____ Data section

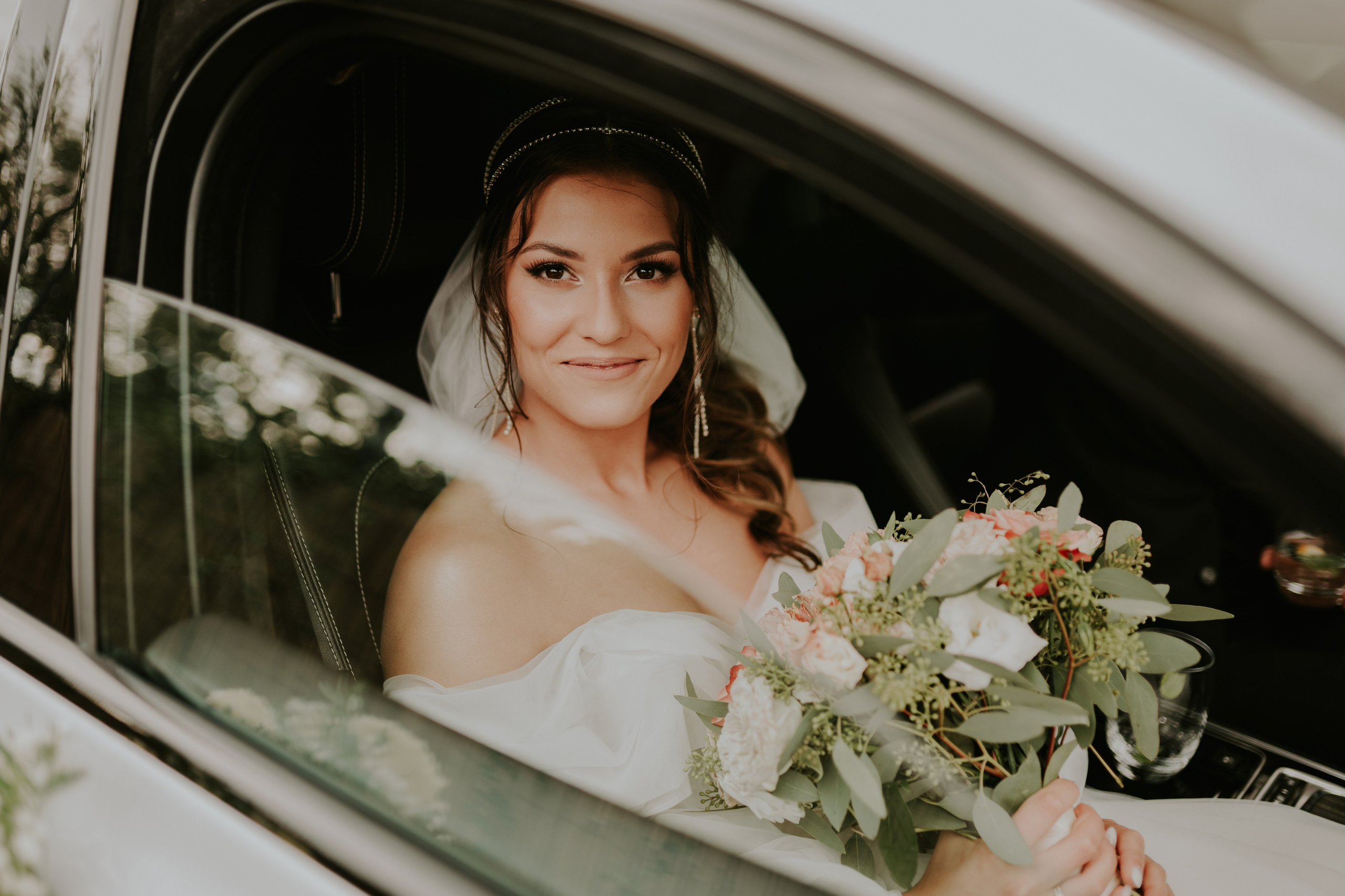 Sala Koralowa w Jaworzu: Opowieść o ślubie Nikoli i Kacpra. Karkowskafoto - fotografia miłości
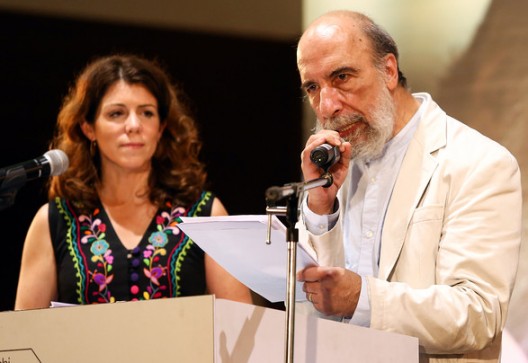 Chilean poet Raul Zurita at a poetry reading in Town Hall, Ernakulam, Kerala, with literary critic and translator Anna Deeny. Courtesy Kochi Biennale Foundation.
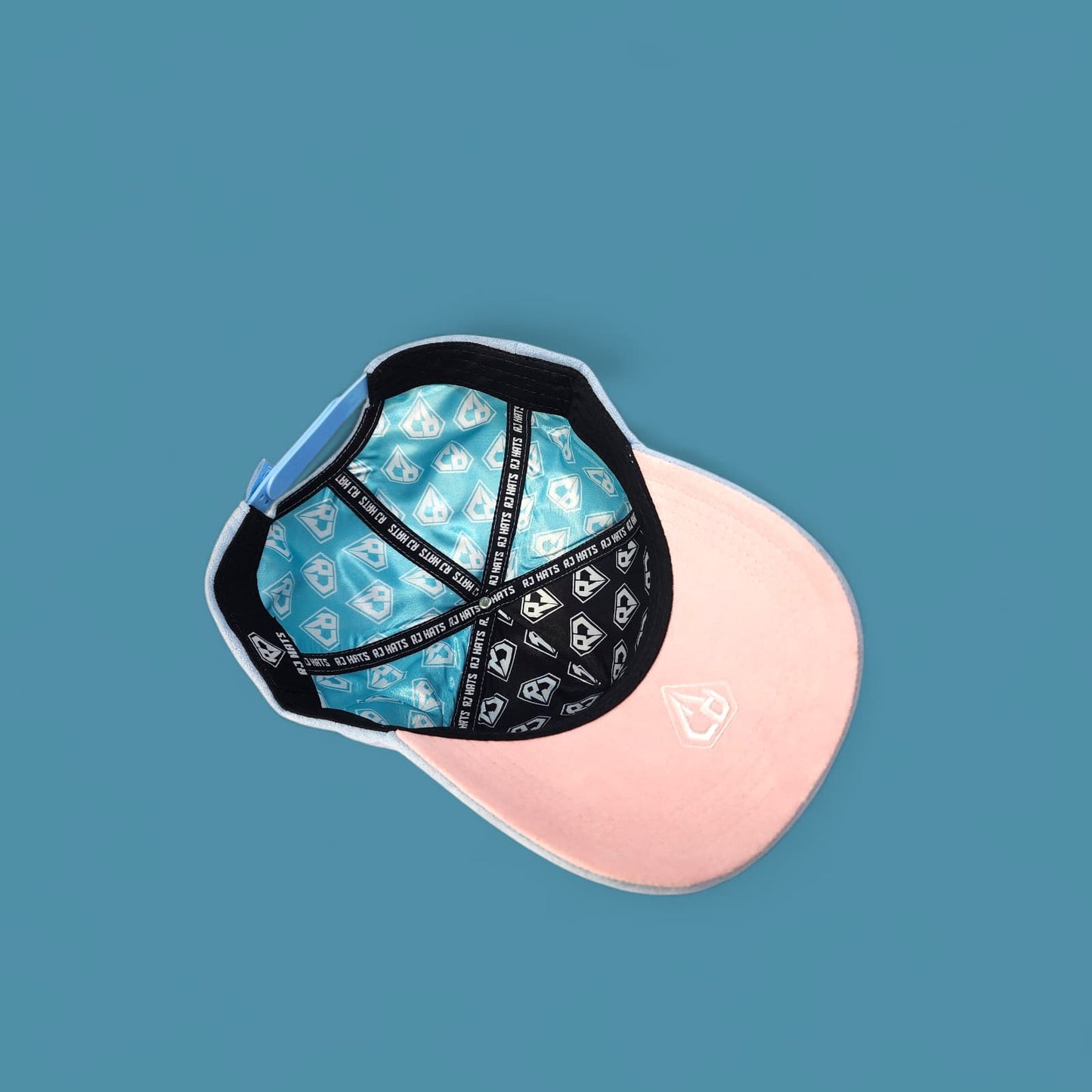 RJ Hats – “Sky Rose” Snapback Edición Especial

________

Aim of the task: Pass over the images and copy the rest of the material above exactly.

Result for this exercise:
 Sala Koralowa w Jaworzu: Opowieść o ślubie Nikoli i Kacpra. Karkowskafoto - fotografia miłości
 Chilean poet Raul Zurita at a poetry reading in Town Hall, Ernakulam, Kerala, with literary critic and translator Anna Deeny. Courtesy Kochi Biennale Foundation.
 RJ Hats – “Sky Rose” Snapback Edición Especial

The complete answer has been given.